YOUR TASK: From the line that holds "Swamis Vibe Encinitas" to the last line below, retype everything exactly and nothing else; omit pictures.

DATASET EXCERPT:
....
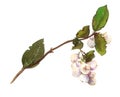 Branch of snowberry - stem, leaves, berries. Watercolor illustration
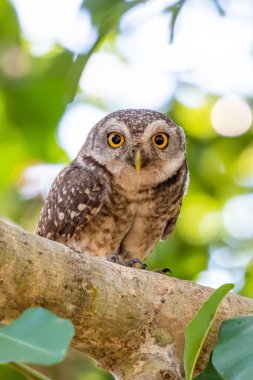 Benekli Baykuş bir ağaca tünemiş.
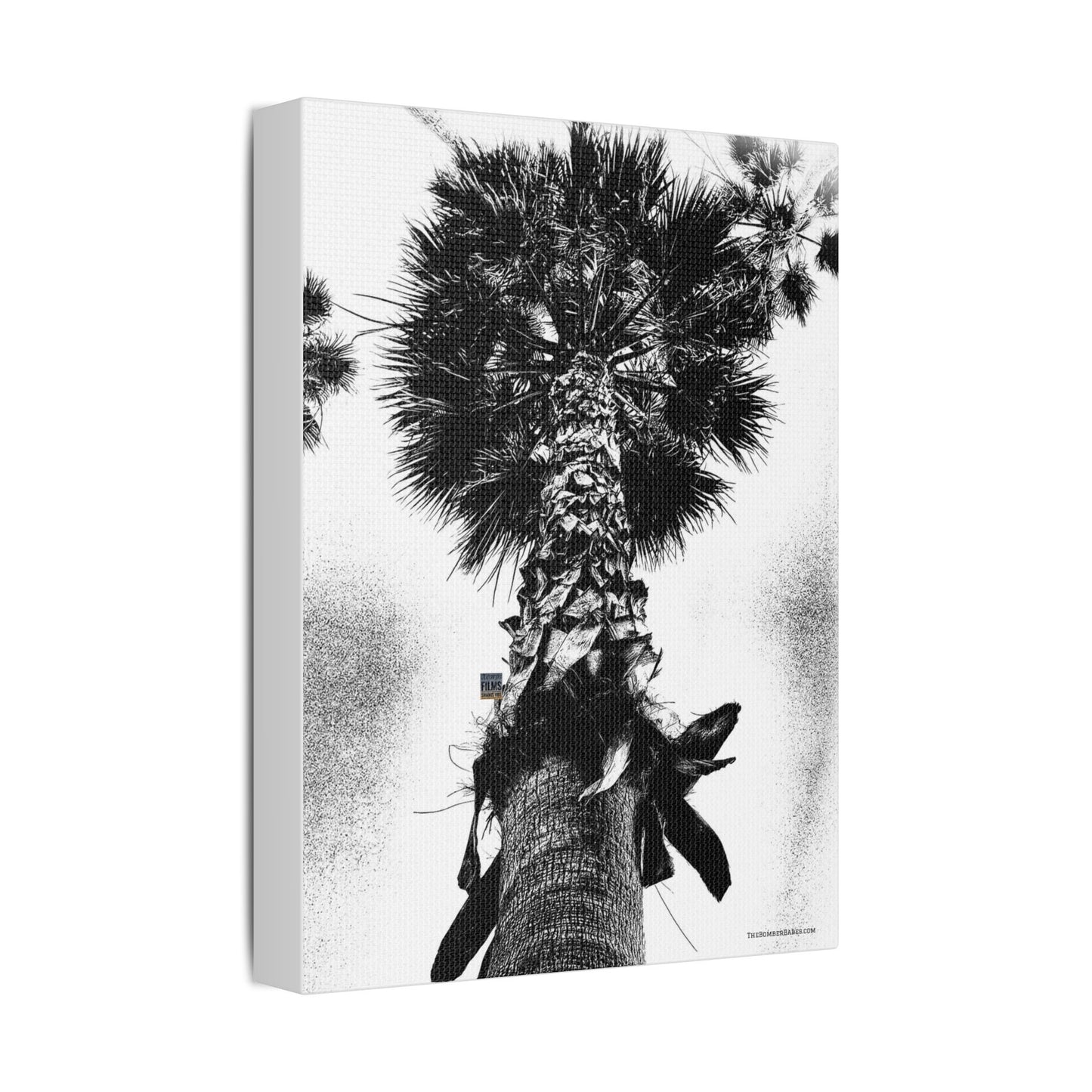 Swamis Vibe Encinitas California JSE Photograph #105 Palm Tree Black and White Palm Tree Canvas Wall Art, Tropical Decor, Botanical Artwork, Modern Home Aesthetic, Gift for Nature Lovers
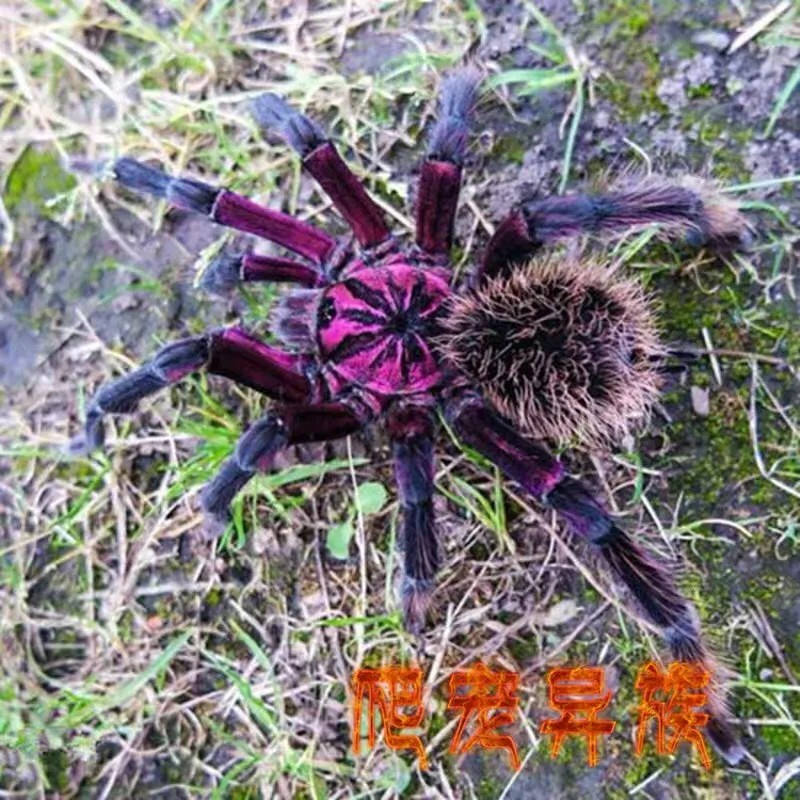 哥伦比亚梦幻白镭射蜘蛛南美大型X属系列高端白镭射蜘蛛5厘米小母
....
YOUR SOLUTION:
 Swamis Vibe Encinitas California JSE Photograph #105 Palm Tree Black and White Palm Tree Canvas Wall Art, Tropical Decor, Botanical Artwork, Modern Home Aesthetic, Gift for Nature Lovers
 哥伦比亚梦幻白镭射蜘蛛南美大型X属系列高端白镭射蜘蛛5厘米小母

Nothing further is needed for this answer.